[Short web captions]
━━━━━━━━━━━━━━━━━━━━━━━━━━━━━━
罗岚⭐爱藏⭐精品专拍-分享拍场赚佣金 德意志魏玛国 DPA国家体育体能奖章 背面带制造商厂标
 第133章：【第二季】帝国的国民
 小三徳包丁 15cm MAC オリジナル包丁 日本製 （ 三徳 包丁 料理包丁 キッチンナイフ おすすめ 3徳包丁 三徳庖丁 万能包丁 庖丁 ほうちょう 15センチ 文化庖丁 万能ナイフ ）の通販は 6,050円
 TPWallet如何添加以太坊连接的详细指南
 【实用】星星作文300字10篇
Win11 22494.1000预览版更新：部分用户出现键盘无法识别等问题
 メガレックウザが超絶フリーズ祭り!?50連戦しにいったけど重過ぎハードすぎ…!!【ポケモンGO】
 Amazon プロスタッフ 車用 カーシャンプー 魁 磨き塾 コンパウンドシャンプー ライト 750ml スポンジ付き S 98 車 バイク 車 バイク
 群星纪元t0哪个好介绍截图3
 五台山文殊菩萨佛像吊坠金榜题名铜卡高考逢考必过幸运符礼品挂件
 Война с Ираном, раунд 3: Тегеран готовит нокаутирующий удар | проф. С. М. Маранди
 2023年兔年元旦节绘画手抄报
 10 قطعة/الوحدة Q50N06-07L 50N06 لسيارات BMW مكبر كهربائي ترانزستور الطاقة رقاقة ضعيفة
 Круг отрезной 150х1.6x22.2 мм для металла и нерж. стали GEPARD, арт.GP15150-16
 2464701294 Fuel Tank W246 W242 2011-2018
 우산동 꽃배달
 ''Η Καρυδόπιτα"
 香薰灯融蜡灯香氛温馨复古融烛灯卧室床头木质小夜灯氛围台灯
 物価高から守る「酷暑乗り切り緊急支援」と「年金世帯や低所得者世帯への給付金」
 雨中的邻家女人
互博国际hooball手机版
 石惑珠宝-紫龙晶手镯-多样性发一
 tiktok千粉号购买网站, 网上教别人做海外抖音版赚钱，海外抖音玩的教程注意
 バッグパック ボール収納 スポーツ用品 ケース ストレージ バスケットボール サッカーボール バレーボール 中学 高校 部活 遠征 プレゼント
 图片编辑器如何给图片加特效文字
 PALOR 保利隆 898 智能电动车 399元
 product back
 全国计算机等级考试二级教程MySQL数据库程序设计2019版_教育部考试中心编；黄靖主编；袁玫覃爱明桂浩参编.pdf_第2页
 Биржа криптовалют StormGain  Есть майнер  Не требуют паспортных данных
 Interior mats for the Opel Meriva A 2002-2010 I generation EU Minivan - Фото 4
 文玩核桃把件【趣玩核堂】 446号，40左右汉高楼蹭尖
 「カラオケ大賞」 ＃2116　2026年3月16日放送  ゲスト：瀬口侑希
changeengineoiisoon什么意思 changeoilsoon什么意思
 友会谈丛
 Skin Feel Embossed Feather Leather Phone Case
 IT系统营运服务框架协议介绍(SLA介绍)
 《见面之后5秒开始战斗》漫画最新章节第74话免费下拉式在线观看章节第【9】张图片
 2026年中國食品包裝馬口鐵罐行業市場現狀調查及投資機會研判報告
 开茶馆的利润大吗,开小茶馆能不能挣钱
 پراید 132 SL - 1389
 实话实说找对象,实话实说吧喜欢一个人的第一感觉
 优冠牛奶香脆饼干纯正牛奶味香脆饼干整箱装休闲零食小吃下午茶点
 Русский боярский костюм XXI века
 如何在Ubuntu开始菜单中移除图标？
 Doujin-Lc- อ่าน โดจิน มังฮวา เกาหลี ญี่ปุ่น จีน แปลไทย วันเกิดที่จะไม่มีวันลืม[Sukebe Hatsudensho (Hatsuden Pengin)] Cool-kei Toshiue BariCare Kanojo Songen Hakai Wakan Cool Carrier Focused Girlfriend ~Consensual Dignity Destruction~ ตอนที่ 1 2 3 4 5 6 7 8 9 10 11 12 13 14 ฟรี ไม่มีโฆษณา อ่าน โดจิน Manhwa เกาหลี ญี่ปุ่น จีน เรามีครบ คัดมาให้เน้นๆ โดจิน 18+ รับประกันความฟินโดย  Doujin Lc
━━━━━━━━━━━━━━━━━━━━━━━━━━━━━━
Problem statement
Print all of the entries exactly as they appear.

Result for this task
罗岚⭐爱藏⭐精品专拍-分享拍场赚佣金 德意志魏玛国 DPA国家体育体能奖章 背面带制造商厂标
 第133章：【第二季】帝国的国民
 小三徳包丁 15cm MAC オリジナル包丁 日本製 （ 三徳 包丁 料理包丁 キッチンナイフ おすすめ 3徳包丁 三徳庖丁 万能包丁 庖丁 ほうちょう 15センチ 文化庖丁 万能ナイフ ）の通販は 6,050円
 TPWallet如何添加以太坊连接的详细指南
 【实用】星星作文300字10篇
Win11 22494.1000预览版更新：部分用户出现键盘无法识别等问题
 メガレックウザが超絶フリーズ祭り!?50連戦しにいったけど重過ぎハードすぎ…!!【ポケモンGO】
 Amazon プロスタッフ 車用 カーシャンプー 魁 磨き塾 コンパウンドシャンプー ライト 750ml スポンジ付き S 98 車 バイク 車 バイク
 群星纪元t0哪个好介绍截图3
 五台山文殊菩萨佛像吊坠金榜题名铜卡高考逢考必过幸运符礼品挂件
 Война с Ираном, раунд 3: Тегеран готовит нокаутирующий удар | проф. С. М. Маранди
 2023年兔年元旦节绘画手抄报
 10 قطعة/الوحدة Q50N06-07L 50N06 لسيارات BMW مكبر كهربائي ترانزستور الطاقة رقاقة ضعيفة
 Круг отрезной 150х1.6x22.2 мм для металла и нерж. стали GEPARD, арт.GP15150-16
 2464701294 Fuel Tank W246 W242 2011-2018
 우산동 꽃배달
 ''Η Καρυδόπιτα"
 香薰灯融蜡灯香氛温馨复古融烛灯卧室床头木质小夜灯氛围台灯
 物価高から守る「酷暑乗り切り緊急支援」と「年金世帯や低所得者世帯への給付金」
 雨中的邻家女人
互博国际hooball手机版
 石惑珠宝-紫龙晶手镯-多样性发一
 tiktok千粉号购买网站, 网上教别人做海外抖音版赚钱，海外抖音玩的教程注意
 バッグパック ボール収納 スポーツ用品 ケース ストレージ バスケットボール サッカーボール バレーボール 中学 高校 部活 遠征 プレゼント
 图片编辑器如何给图片加特效文字
 PALOR 保利隆 898 智能电动车 399元
 product back
 全国计算机等级考试二级教程MySQL数据库程序设计2019版_教育部考试中心编；黄靖主编；袁玫覃爱明桂浩参编.pdf_第2页
 Биржа криптовалют StormGain  Есть майнер  Не требуют паспортных данных
 Interior mats for the Opel Meriva A 2002-2010 I generation EU Minivan - Фото 4
 文玩核桃把件【趣玩核堂】 446号，40左右汉高楼蹭尖
 「カラオケ大賞」 ＃2116　2026年3月16日放送  ゲスト：瀬口侑希
changeengineoiisoon什么意思 changeoilsoon什么意思
 友会谈丛
 Skin Feel Embossed Feather Leather Phone Case
 IT系统营运服务框架协议介绍(SLA介绍)
 《见面之后5秒开始战斗》漫画最新章节第74话免费下拉式在线观看章节第【9】张图片
 2026年中國食品包裝馬口鐵罐行業市場現狀調查及投資機會研判報告
 开茶馆的利润大吗,开小茶馆能不能挣钱
 پراید 132 SL - 1389
 实话实说找对象,实话实说吧喜欢一个人的第一感觉
 优冠牛奶香脆饼干纯正牛奶味香脆饼干整箱装休闲零食小吃下午茶点
 Русский боярский костюм XXI века
 如何在Ubuntu开始菜单中移除图标？
 Doujin-Lc- อ่าน โดจิน มังฮวา เกาหลี ญี่ปุ่น จีน แปลไทย วันเกิดที่จะไม่มีวันลืม[Sukebe Hatsudensho (Hatsuden Pengin)] Cool-kei Toshiue BariCare Kanojo Songen Hakai Wakan Cool Carrier Focused Girlfriend ~Consensual Dignity Destruction~ ตอนที่ 1 2 3 4 5 6 7 8 9 10 11 12 13 14 ฟรี ไม่มีโฆษณา อ่าน โดจิน Manhwa เกาหลี ญี่ปุ่น จีน เรามีครบ คัดมาให้เน้นๆ โดจิน 18+ รับประกันความฟินโดย  Doujin Lc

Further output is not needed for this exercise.